Account compiled by Gerald Lucy for Essex Field Club website
Created in 1995, Eastbrookend Country Park is situated in the ‘Dagenham
Corridor’, a strip of green belt land that separates Dagenham from Romford. The
site of the country park was previously used for quarrying sand and
gravel and the numerous lakes were former pits which, in the 1920s provided
aggregate for the giant Becontree housing estate nearby. Gravel was still being
extracted in 1977 when a dragline operator found several fine
Palaeolithic hand-axes in a pit (TQ 509 855) close to what was then May &
Baker’s pharmaceutical factory.
South of the railway, and accessible by a footbridge, is Boyer’s Lake (TQ 505
852) which is also a former gravel pit. During its working life this pit also
yielded Palaeolithic flint tools including six hand-axes which are now in the
Museum of London. Adjacent to Boyer’s Lake is the Beam Valley, an
important area for nature conservation which is shortly to be developed as an
extension to the Country Park.
Eastbrookend Country Park is of geological interest as it straddles two
adjacent terraces of the Thames.
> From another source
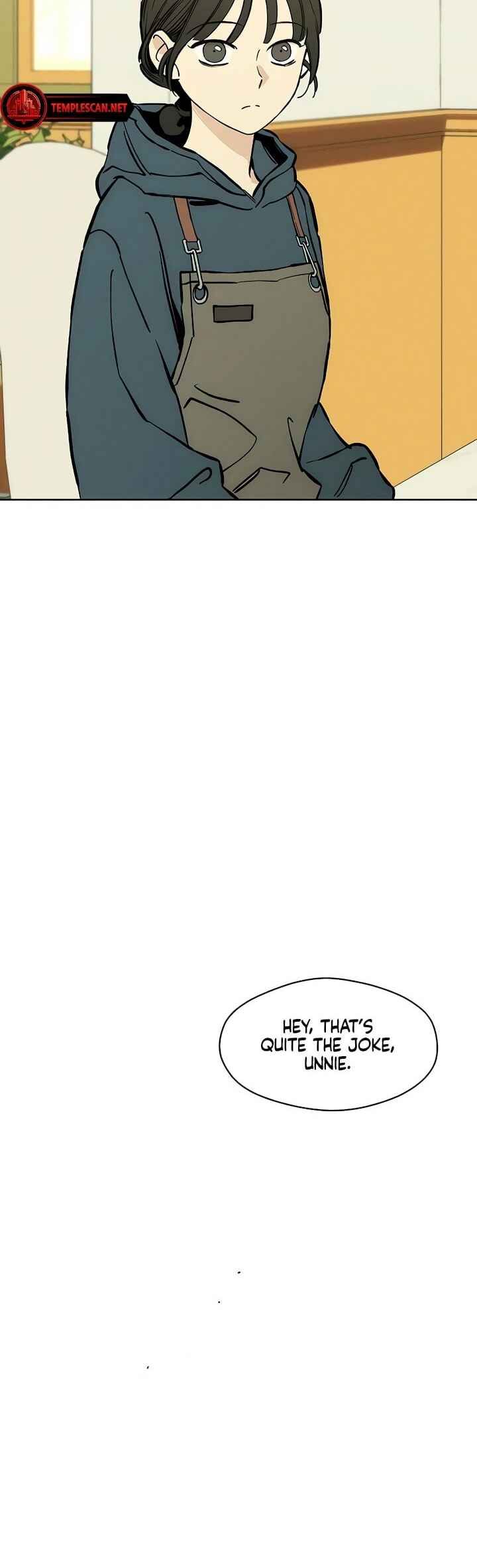 Sideun Kkot e Nunmureul Chapter 23 - Page 43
North of the railway is the higher Lynch
Hill/Corbets Tey Terrace and the gravel of this terrace is thought to have been
laid down by the river about 300,000 years ago (Marine Isotope Stages
10-8). South of the railway, and at a lower elevation, is the younger
Taplow/Mucking Terrace and the gravel here is about 200,000 years old (Marine
Isotope Stages 8-6). From the grid references given in the reports of the
finds the flint tools appear to have been associated with two separate terraces
and are therefore of different ages. However, it is most likely that they all
came from the gravel of the lower terrace. The makers of these tools were
tribes of nomadic Neanderthal hunters exploiting the wildlife on what was
then the shoreline of the Thames.
The Country Park has a visitor Centre known as the Millennium Centre.